Chiwaula also says there are no laws in the education system to protect disabled children. "But if there [were] a law, it means it becomes unlawful for any educational institution to refuse [education] any child with disability. And anybody who refuses that person [could be prosecuted]," he says.

NGOs have pressured the Malawi government to endorse equal opportunity policies for the disabled. They encourage equal participation of all Malawians in all sectors of life -- including social, political, economic and cultural activities. But Chiwaula says a policy without back-up legislation is meaningless.

He says his organization has intensified efforts for the speedy enactment of the legislation, at least by the end of the year.

Texas legislature hits roadblock in closing state institutions

From the Dallas Morning News:

AUSTIN – Efforts to start consolidating state schools for the mentally disabled in favor of community-based services crumbled April 28 as lawmakers in both chambers agreed they would be unable to pass such sweeping legislation.
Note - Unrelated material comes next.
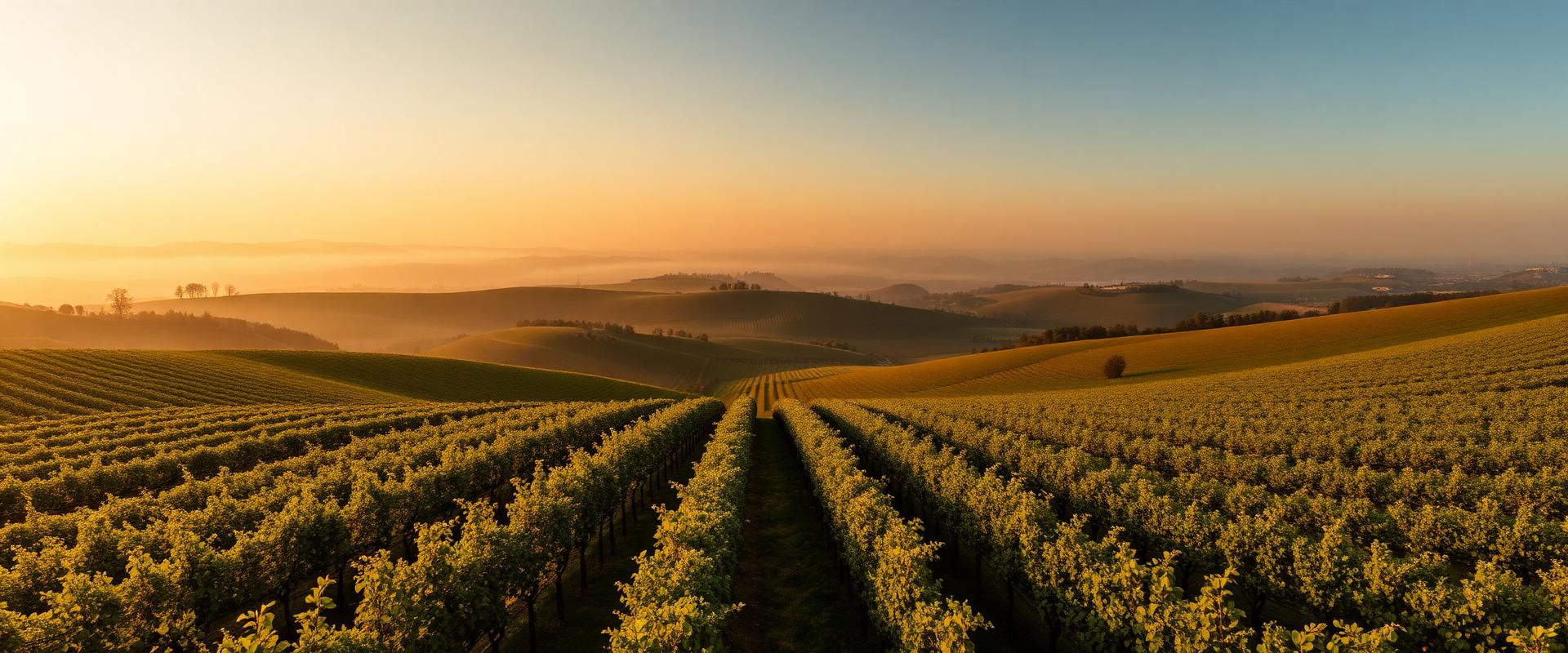 Vignoble champenois au soleil levant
Though House and Senate committees moved forward with a bill to dramatically reduce waiting lists for services in the community and to let people with disabilities choose how they receive care, the measure was stripped of anything contentious.
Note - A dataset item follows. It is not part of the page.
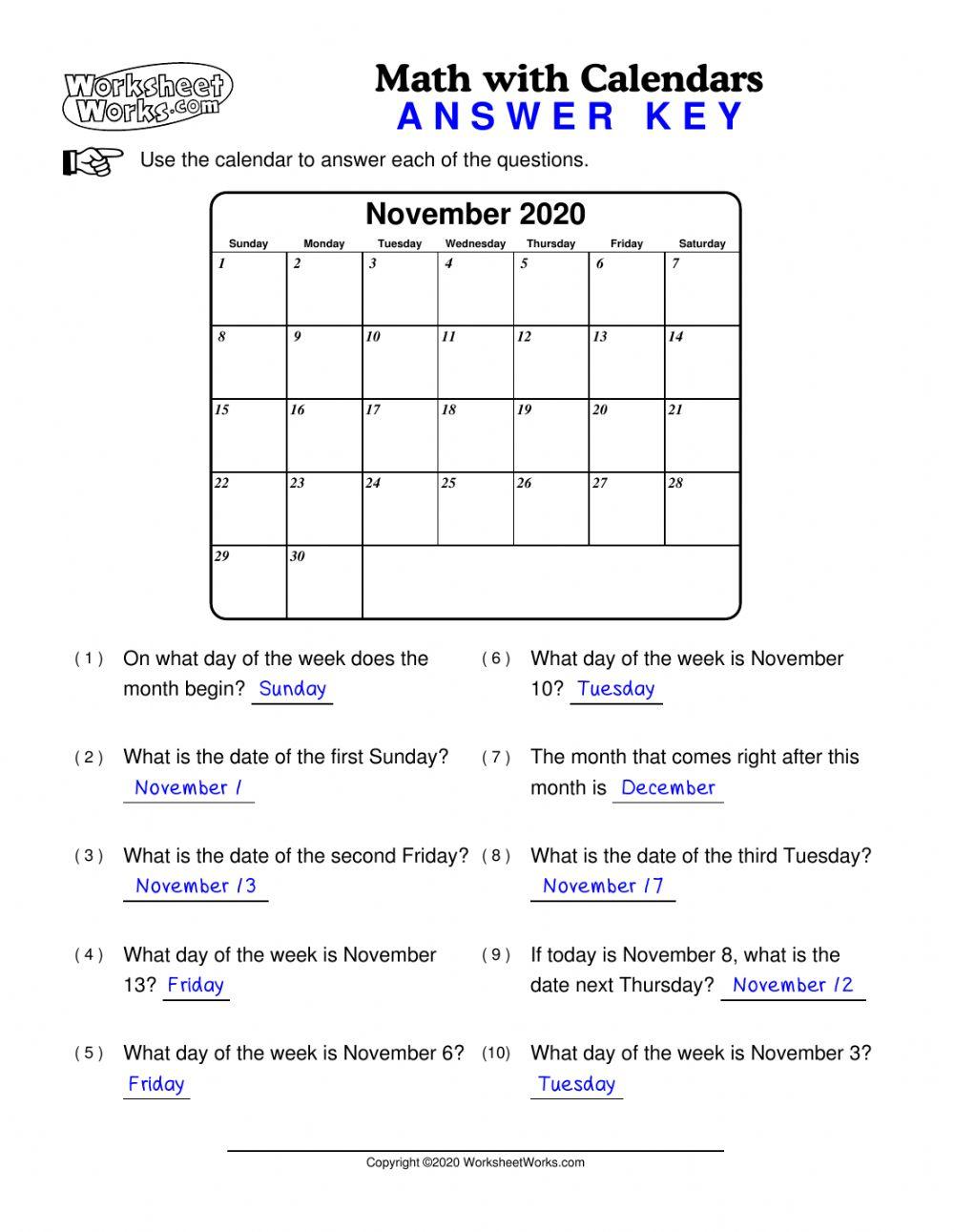 Calendar Math online exercise for Live Worksheets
All references to state school closure or consolidation were removed, as was a provision that would have ended state school admissions of people under 22. Downsizing private institutions for the disabled is also off the table.

The reform legislation follows a U.S. Department of Justice report last year that found abuse, neglect and widespread civil rights violations inside Texas' 13 institutions for the disabled. In February, allegations that employees at the Corpus Christi State School forced residents into a late-night "fight club" added fuel to the fire to downsize the state schools.

Advocates for the disabled have argued that the state schools are dangerous and inefficient, and that community care is safer and more cost-effective. Longtime state school families have fought back, saying community care is unregulated and unsafe, and that many people have disabilities too profound to live at home or in group homes.

Lawmakers who support closing some state schools could still try to add amendments to the reform bill, which calls for a strategic plan for state disability services that cuts the wait time for community-based care down to two years. But they say opposition from their colleagues with state schools in their districts is so intense that anything that hints of a downsizing is unlikely to pass.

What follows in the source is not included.